Task prompt :: Write out all the entries word for word and omit any pictures.

(Crawled caption data)
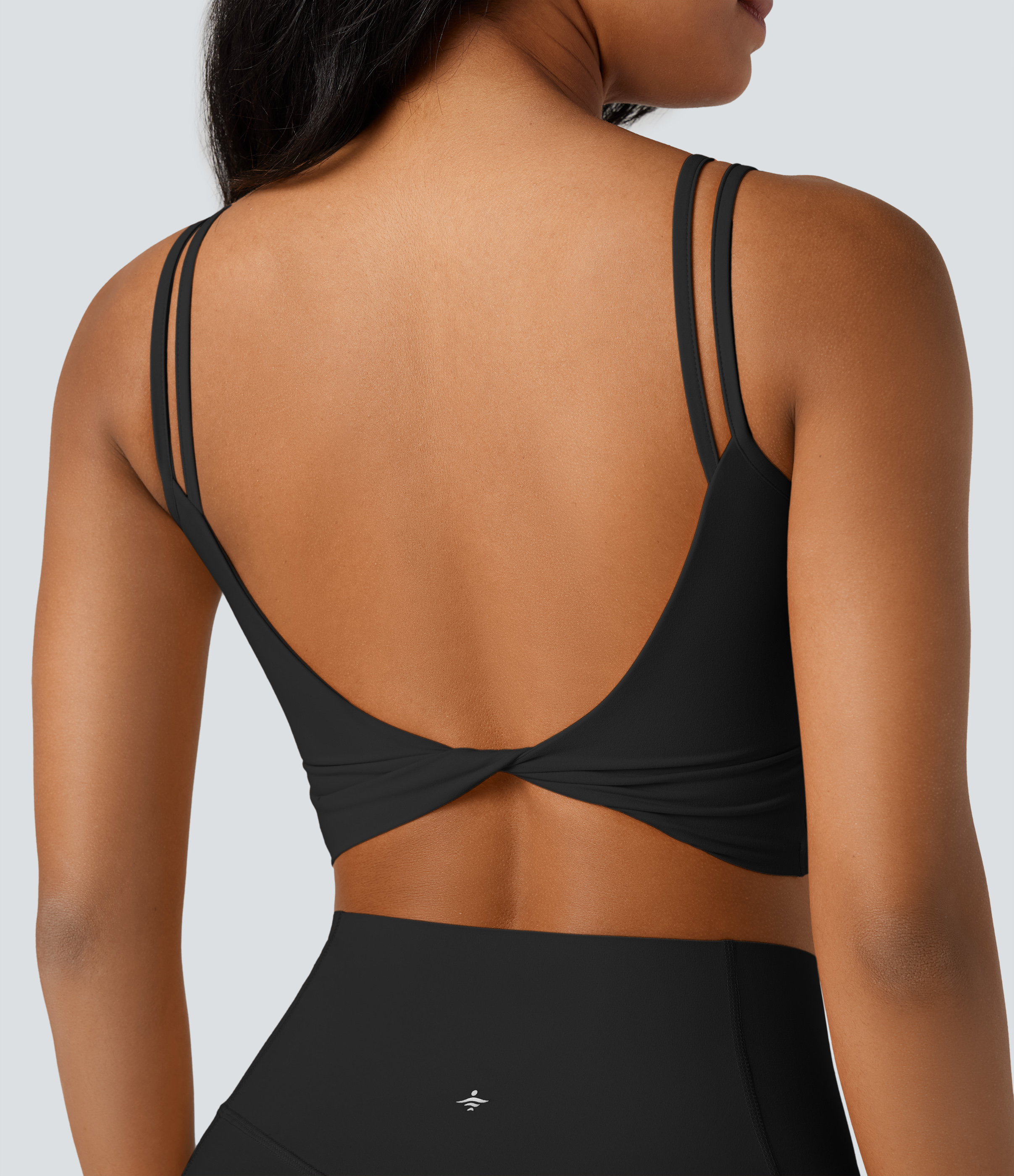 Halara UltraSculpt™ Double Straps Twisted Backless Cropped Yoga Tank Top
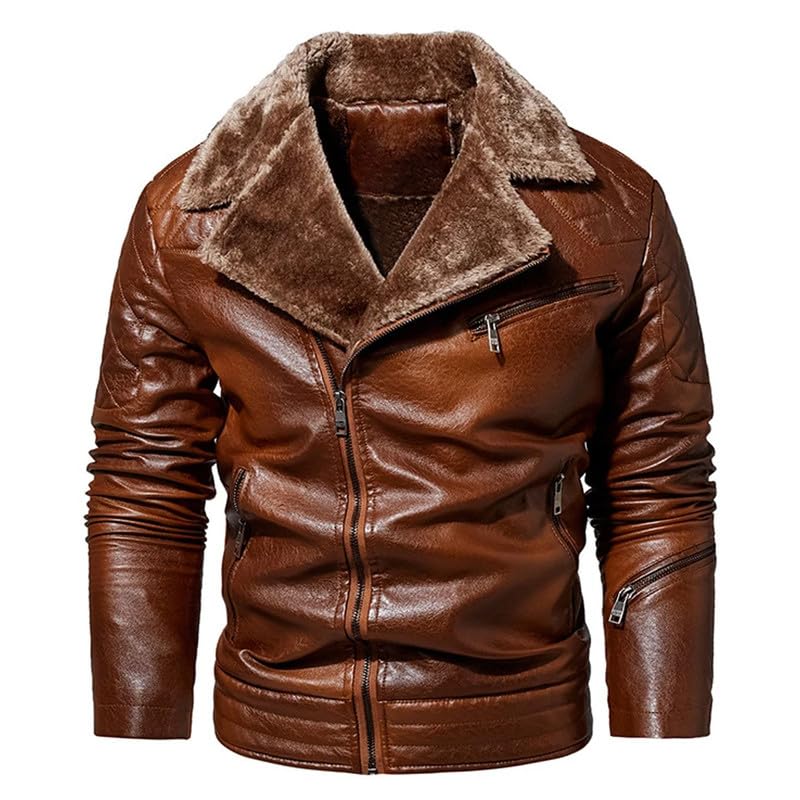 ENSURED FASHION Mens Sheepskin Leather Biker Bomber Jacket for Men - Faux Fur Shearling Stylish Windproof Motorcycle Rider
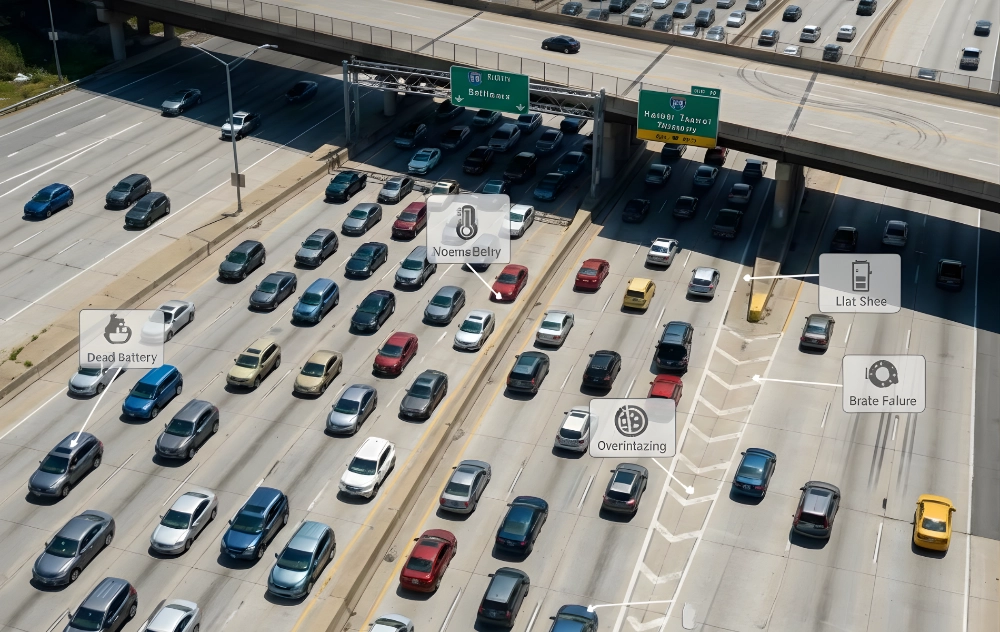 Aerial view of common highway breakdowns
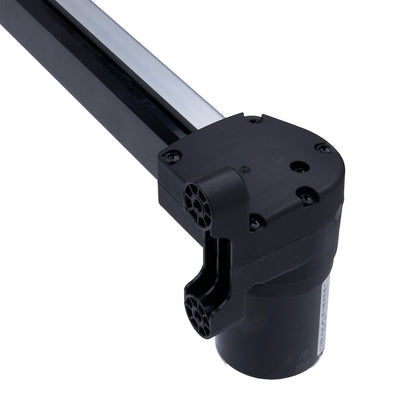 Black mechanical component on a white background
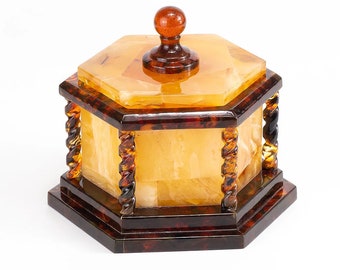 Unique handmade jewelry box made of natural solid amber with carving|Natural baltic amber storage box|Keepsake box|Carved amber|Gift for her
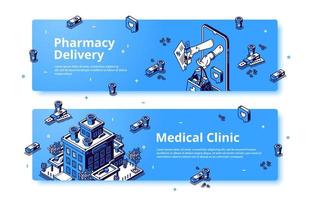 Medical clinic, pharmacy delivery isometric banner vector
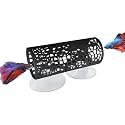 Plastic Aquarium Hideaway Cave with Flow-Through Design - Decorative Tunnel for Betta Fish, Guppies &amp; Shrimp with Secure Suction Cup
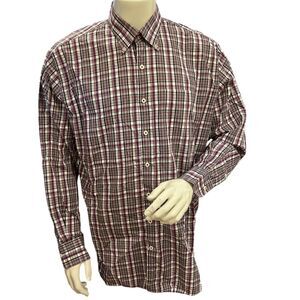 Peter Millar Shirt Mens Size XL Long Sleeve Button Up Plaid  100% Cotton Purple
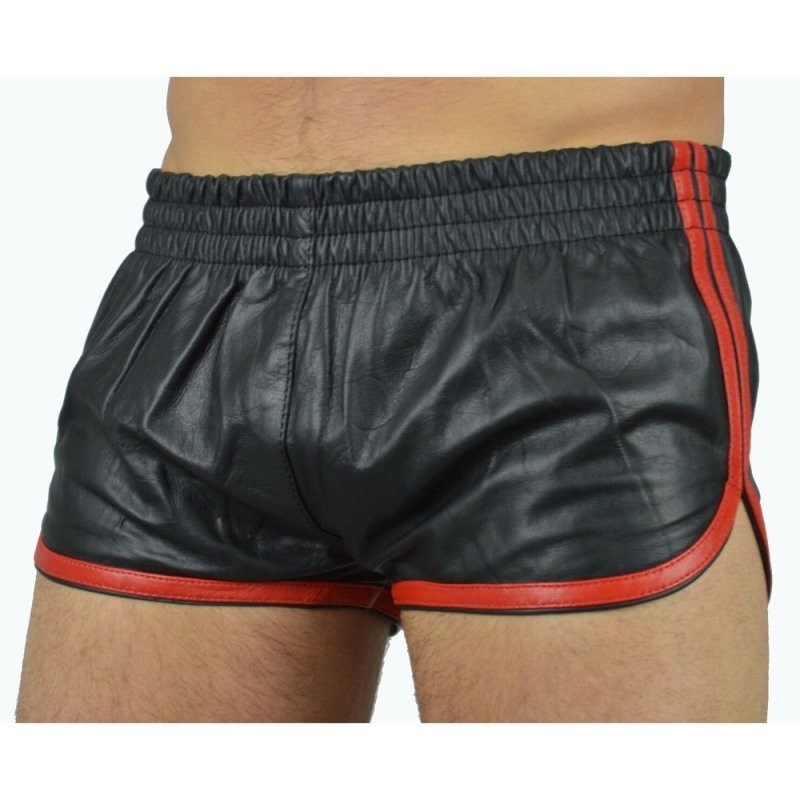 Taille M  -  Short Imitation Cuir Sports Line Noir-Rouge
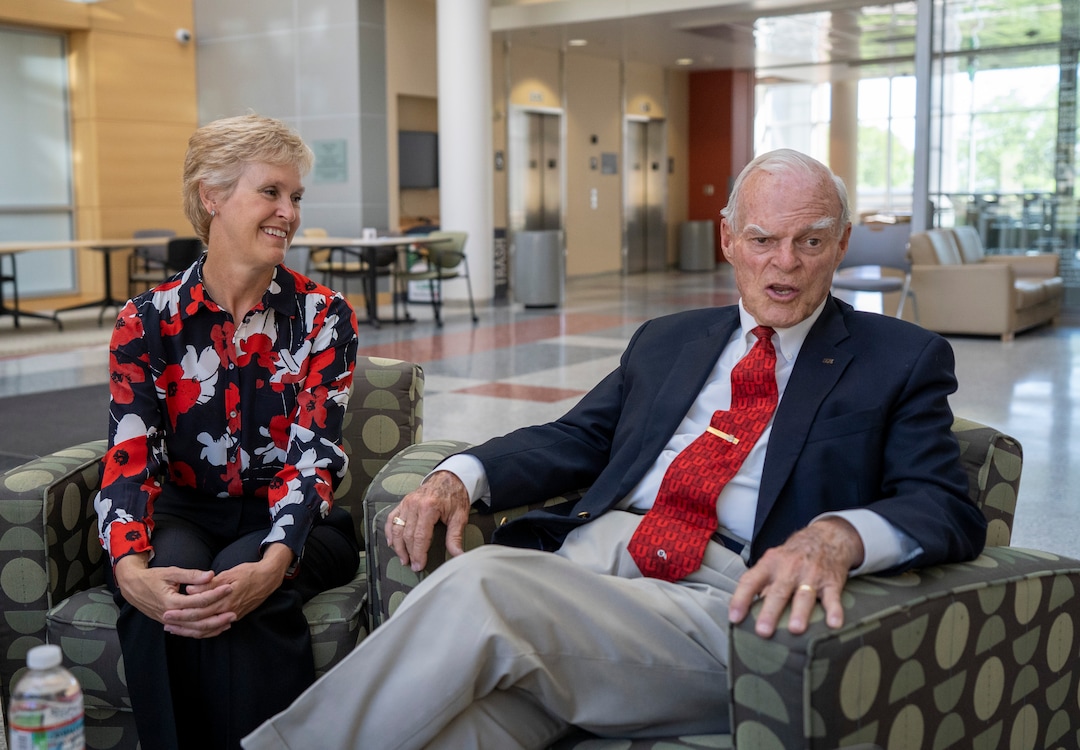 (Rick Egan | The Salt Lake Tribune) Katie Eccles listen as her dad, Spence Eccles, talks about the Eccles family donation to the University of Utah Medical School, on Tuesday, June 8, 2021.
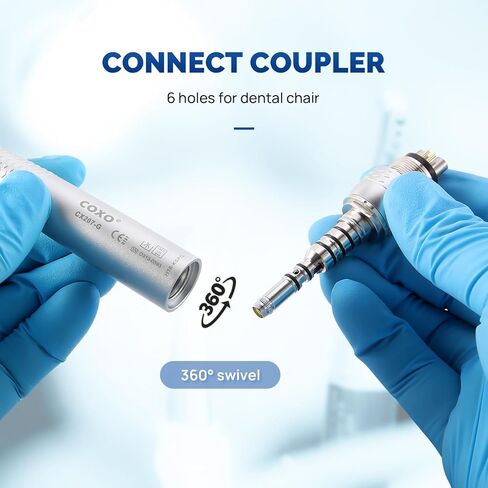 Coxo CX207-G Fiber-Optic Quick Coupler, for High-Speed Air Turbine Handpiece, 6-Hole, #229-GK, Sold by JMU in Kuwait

Result of this exercise ::
 Halara UltraSculpt™ Double Straps Twisted Backless Cropped Yoga Tank Top
 ENSURED FASHION Mens Sheepskin Leather Biker Bomber Jacket for Men - Faux Fur Shearling Stylish Windproof Motorcycle Rider
 Aerial view of common highway breakdowns
 Black mechanical component on a white background
 Unique handmade jewelry box made of natural solid amber with carving|Natural baltic amber storage box|Keepsake box|Carved amber|Gift for her
 Medical clinic, pharmacy delivery isometric banner vector
 Plastic Aquarium Hideaway Cave with Flow-Through Design - Decorative Tunnel for Betta Fish, Guppies &amp; Shrimp with Secure Suction Cup
 Peter Millar Shirt Mens Size XL Long Sleeve Button Up Plaid  100% Cotton Purple
 Taille M  -  Short Imitation Cuir Sports Line Noir-Rouge
 (Rick Egan | The Salt Lake Tribune) Katie Eccles listen as her dad, Spence Eccles, talks about the Eccles family donation to the University of Utah Medical School, on Tuesday, June 8, 2021.
 Coxo CX207-G Fiber-Optic Quick Coupler, for High-Speed Air Turbine Handpiece, 6-Hole, #229-GK, Sold by JMU in Kuwait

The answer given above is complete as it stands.